To reduce power and area overhead, the filter order is restricted to vary among four different values: Order0 < Order1 < Order2 < Order3. The full order of the filter corresponds to Order3, and the minimum order, that is 3 in this design, corresponds to Order0. The four order sizes are divided by three threshold values, T1 < T2 < T3. When the computed stop-band energy is between Ti and Ti+1, the filter order is equal to Orderi. Each threshold value Ti is determined by the specified output stop-band energy and the stop-band energy in the frequency response of filter order Orderi. Larger Ti corresponds to a larger filter order Orderi given a fixed output stop-band energy.
The decimation filter for the oversampled A/D converter is a 3-stage linear-phase decimation filter. The first-stage sinc filter does not use adaptive approximate filtering. Only the first half-band filter(order 19) and the second half-band filter (with order 61) are dynamically adjusted. Similarly, the interpolation filter for the oversampled D/A converter is a four-stage linear-phase interpolation filter. Only the three half-band filters of orders 61,19 and 11 emply dynamic filter order.
The two half-band filters in A/D converter and the three half-band filters in D/A converter are implemented by a programmable processor. The processor employs memory addressing for multi-rate digital filters. Processor components include data RAM, coefficient/control ROM and 22b arithmetic unit(AU). The AU performs basic arithmetic opersations: addition of pairs of delayed filter inputs stored in the data RAM, multiplication by coefficients stored in the ROM and accumulation of products to form the filter output. Computation of the feedback quantity for filter update is also implemented by this unit. The coefficient/control ROM contains control instructions for the processor. The 256 locations in the ROM are accessed sequentially via an 8b counter driven by the 12.3 MHz filter clock.

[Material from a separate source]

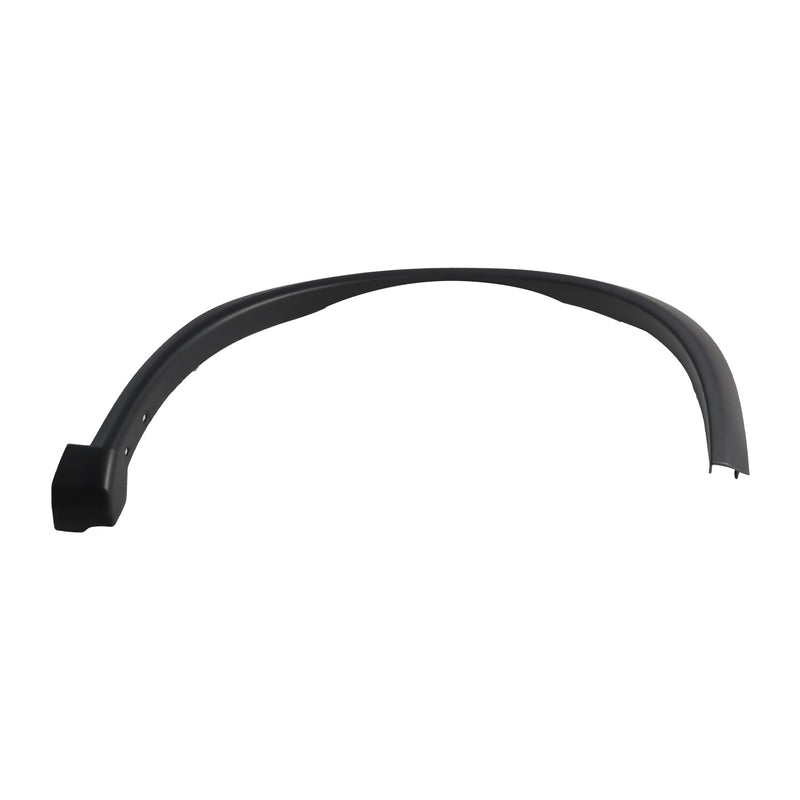 Fender Flare Molding Trim Right Passenger Side Front For Nissan Rogue 2021-2023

The powering-down control of the approximate filtering is implemented by maintaining a 2b level register and the 2b grade field associated with each instruction. A powering-down control block is inserted between the ROM and the AU to control instruction issue. When the level value is less than the grade value of an instruction, the stop-band energy is so weak that the instruction can be powered down by generating a virtually powerless NOP for the AU; otherwise, if the levle value is greater than or equal to the grade value, the stop-band energy is strong enough to turn the instruction on and the instruction is issued. The partitioning of the full filter in terms of instructions is programmed by assigning each instruction an appropriate 2b grade value. Once the partitioning of the full filter order is determined, the output stop-band energy is controlled by assigning each threshold Ti an appropriate value.
The stop-band energy statistics influence the power performance of approximate filtering. In decimation and interpolation, the stop-band energy increases with input signal strength. When a signal with strong stop-band energy arrives, a larger fraction of the time, the level values are high enough to turn on the instructions and consume more power. If the input signal and stop-band energy are weak, the instructions are turned on for shorter time and power performance increases.
When the input signal is at full scale, simulated and measured power reduction ratios are 42% and 36% for decimation and 21% and 17% for interpolation. Measured power performance is a bit lower than simulation results due to idle power dissipation of the NOP instruction, assumed zero-power in simulations. Idle power dissipation comes from the coefficient/control ROM, that runs even though the instruction is masked. When the input signal is attenuated, the percentage of power-down instructions increases and the power performance improves. When the input signal is attenuated by > 40dB, the power reduction ratio saturates at about 57% for decimation and 40% for interpolation. Power dissipation of the full-order filter is 13.6mW for decimation and 14.8mW for interpolation operating from a 5V supply at 12.3MHz clock. One pair of decimation filters and two pairs of interpolation filters occupy 8.02 mm2 in 0.5um CMOS.